Same fluid on both sides — Option to model same fluid in both chambers
`on` (default) | `off`

Whether to model the same fluid in both actuator chambers. If you select this parameter, the actuator propagates fluid properties through both chambers. Clear this parameter to model each chamber as a different fluid, where each chamber is connected to an isolated fluid network.

Mechanical orientation — Piston displacement direction
`Pressure at A causes positive displacement of R relative to C` (default) | `Pressure at A causes negative displacement of R relative to C`

Piston displacement direction. When you set this parameter to:

Pressure at A causes positive displacement of R relative to C, the piston displacement is positive when the volume of liquid at port A is expanding. This motion corresponds to rod extension.
Pressure at A causes negative displacement of R relative to C, the piston displacement is negative when the volume of liquid at port A is expanding. This motion corresponds to rod contraction.

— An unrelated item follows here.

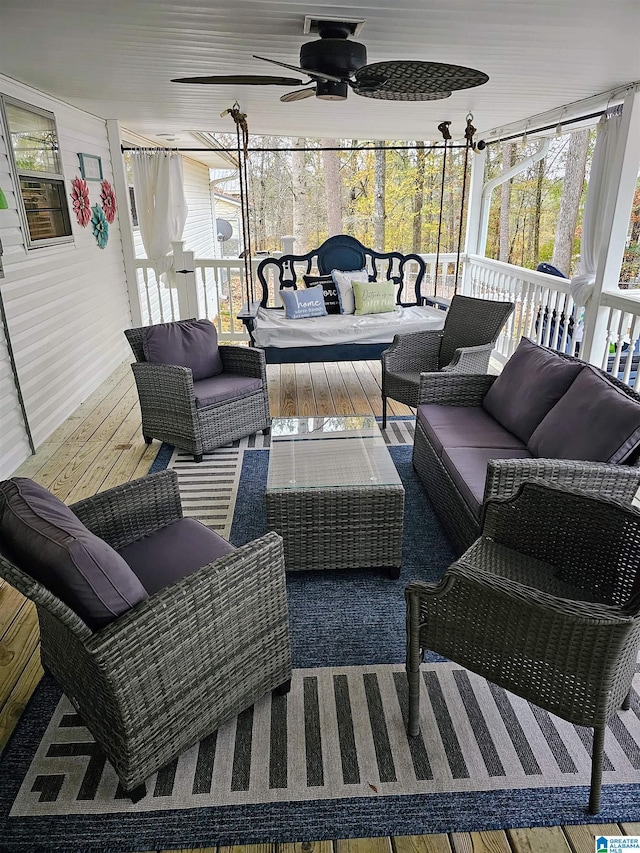 sunroom featuring ceiling fan and an outdoor hangout area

Piston cross-sectional area in chamber A — Chamber A piston area
`0.01 m^2` (default) | positive scalar

Cross-sectional area of the piston rod on the chamber A side.

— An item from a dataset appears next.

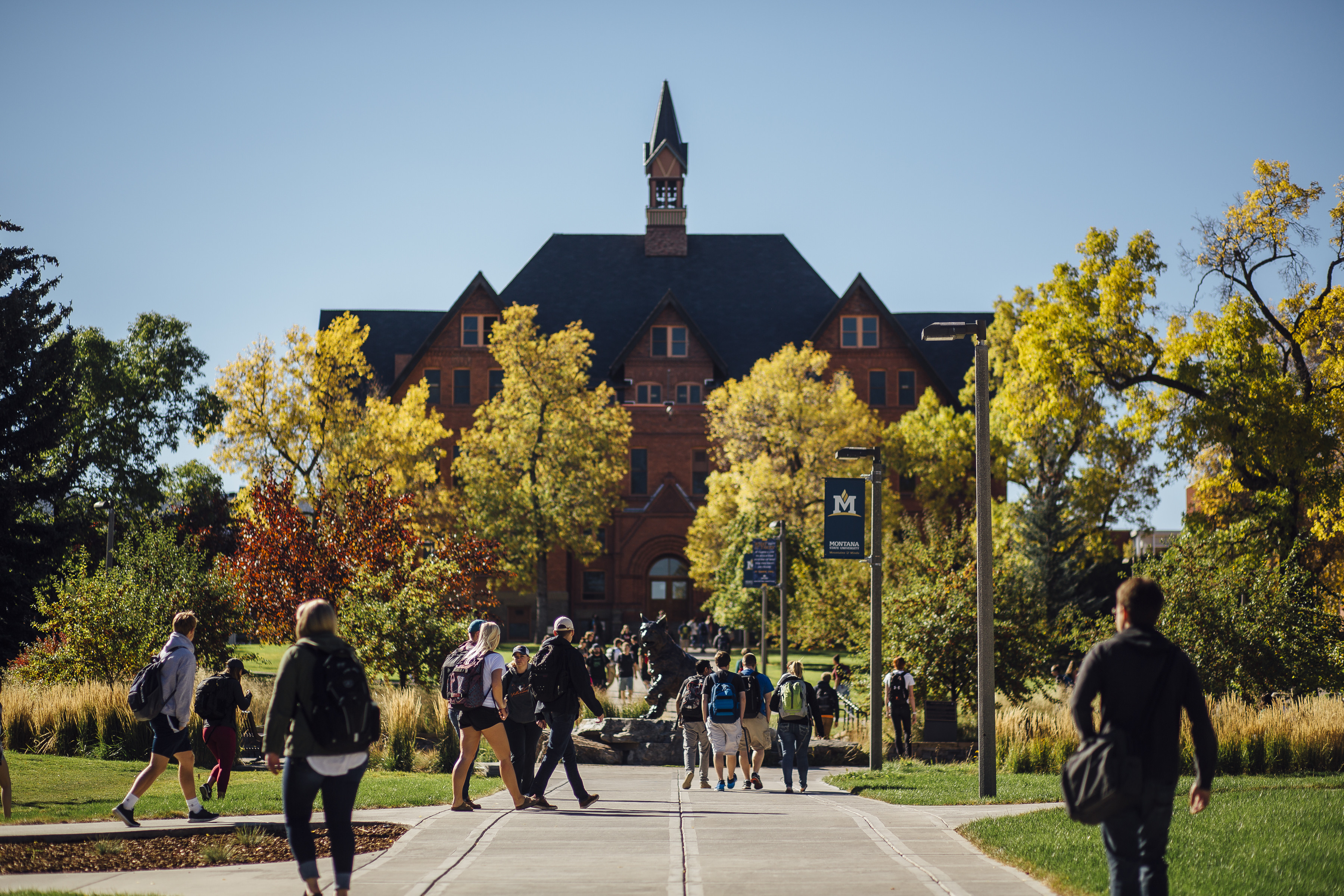 students with MT hall in background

Piston cross-sectional area in chamber B — Chamber B piston area
`0.01 m^2` (default) | positive scalar

Cross-sectional area of the piston rod on the chamber B side.

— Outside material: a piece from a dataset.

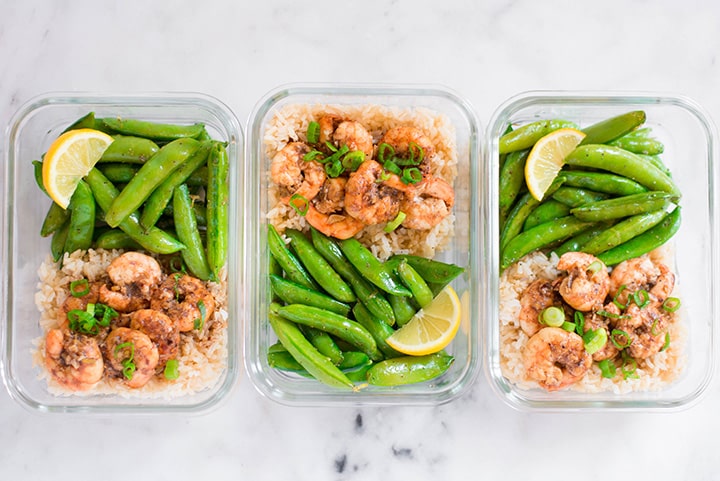View from the top of 3 meal prep containers filled with shrimp, sweet peas, rice. A lemon slice was added in all the meal prep containers.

Piston stroke — Maximum piston travel distance
`0.1 m` (default) | positive scalar

Maximum piston travel distance.

Dead volume in chamber A — Chamber A fluid volume at full piston retraction
`1e-5 m^3` (default) | positive scalar

Volume of liquid when the piston displacement is 0 in chamber A. This parameter is the liquid volume when the piston is against the actuator end cap.

Dead volume in chamber B — Chamber B fluid volume at full piston retraction
`1e-5 m^3` (default) | positive scalar

Volume of liquid when the piston displacement is 0 in chamber B. This parameter is the liquid volume when the piston is against the actuator end cap.

Environment pressure specification — Reference environment pressure
`Atmospheric pressure` (default) | `Specified pressure`

Environment reference pressure. The Atmospheric pressure option sets the environmental pressure to 0.101325 MPa.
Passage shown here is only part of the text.